There is. The Scipy Cookbook WebSite includes a complete implementation of a kNN algorithm that can be updated incrementally.
Maybe a few lines of background would be helpful for anyone interested but not familiar with the terminology.
A kNN engine is powered by either of two data representations--the pairwise distances between all points in the dataset stored in a multi-dimensional array (a distance matrix), or a kd-tree, which just stores the data points themselves in a multi-dimensional binary tree.
These are only two operations that a kd-tree-based KNN algorithm needs: you create the tree from the dataset (analogous to the training step performed in batch mode in other ML algorithms), and you search the tree to find 'nearest neighbors' (analogous to the testing step).
Online or incremental training in the context of a KNN algorithm (provided it's based on a kd-tree) means to insert nodes to an already-built kd-tree.
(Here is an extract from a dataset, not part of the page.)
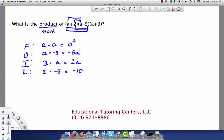Now we see that we have two terms we can combine — combining like terms, because the variable is the same on both. The variable on the first term is A squared, these two are just A, and this one has no variable at all. So we can combine negative 5A with 2A.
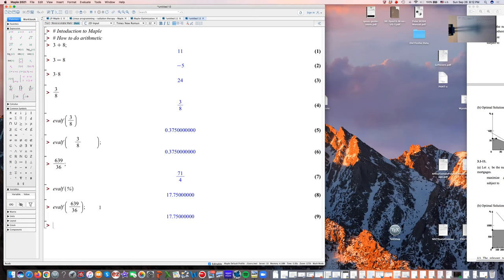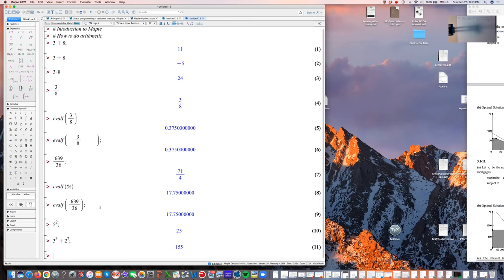How do you take powers? Suppose you want 5 squared: type 5, then the caret (above the 6), which moves the cursor up, put a 2, then move the cursor back. 5 squared is 25. If I wanted 3 cubed plus 2 to the 7th, I get 155. So you can do arithmetic in Maple with these commands.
Back to the kd-Tree implementation in the SciPy Cookbook: The specific lines of code responsible for node insertion appear after the comment line "insert node in kd-tree" (in fact, all of the code after that comment are directed to node insertion).
Finally, there is a kd-tree implementation in the spatial module of the SciPy library (scipy.spatial module) called KDTree (scipy.spatial.KDTree) but i don't believe it supports node insertion, at least such a function is not in the Docs (i haven't looked at the source).